Suzanne Silver,
Suzanne Silver, "Punctuation," 2022–2023. Foil, metal, glass, dimensions variable.


1150 25th St / / (slash)

The site-specific exhibition An Opera of Whispers brings together artists Joy Episalla, Suzanne Silver, and Sivan Silver-Swartz within the Slash library site; an embodied thoroughfare in dialogue. All three artists create an archive of marks and sound capturing fugitive moments, hauntingly poetic, a combination that constructs a network of language patterns open to multiple readings.

Joy Episalla returns to the Bay Area, where she graduated from California College of the Arts and Crafts in the 70s, after a long hiatus. Episalla’s works, “foldtograms” made from an entire roll of photographic paper, are a series of sculptural prints produced from the darkroom process of cameraless photography (develop, stop, fix, and wash, not necessarily in that order). Through this method, she creates a private “pliant forward motion of articulation and re-articulation” that performs itself over time in various acts of folding, creasing, and manipulating the paper, “‘carrying its histories’” in chance occurrences. 

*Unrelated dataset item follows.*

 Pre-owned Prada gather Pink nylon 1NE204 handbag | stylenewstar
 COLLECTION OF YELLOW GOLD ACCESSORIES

Suzanne Silver assembles and collages messages through distortion and invention — an abstract process encoding and cracking pieces of existing communication systems beyond the literal. Silver borrows from existing visual communication systems to reveal hidden images and complex memories and emotions. Her drawings and objects continue to investigate the possibility of expressively legible vocabularies, employing quotidian modes of transmission.

For An Opera of Whispers, Suzanne Silver will work in collaboration with her son, Sivan Silver-Swartz, who is providing a score for her installation. Silver-Swartz produces experimental music through notated composition, performed song, and installation. When making music, he thinks about just intonation, information aesthetics, duration, cyclicality, and counterpoint.

Both Episalla and Silver archive acts of utterance or expression — intrinsic modes of transmission — suggesting mementos of shadow and light. Whereas Episalla’s works catalogue an ephemeral wrinkled pattern language, Silver’s works are a series of vanishing acts, gestures of Morse code detritus. An Opera of Whispers falls within the inventory of visual abstractions in strength and fragility, impermanent in nature, depicting visceral sensation — a dialogue in the territory of sculpture. —Margaret Tedesco

An Opera of Whispers, curated by Margaret Tedesco, is the second in a series of six-month exhibitions and projects in our library, each organized by Bay Area-based guest curators and artists with longer-term, archive-, research-, and community-based practices. The exhibition will be accompanied by inperson and online public programs.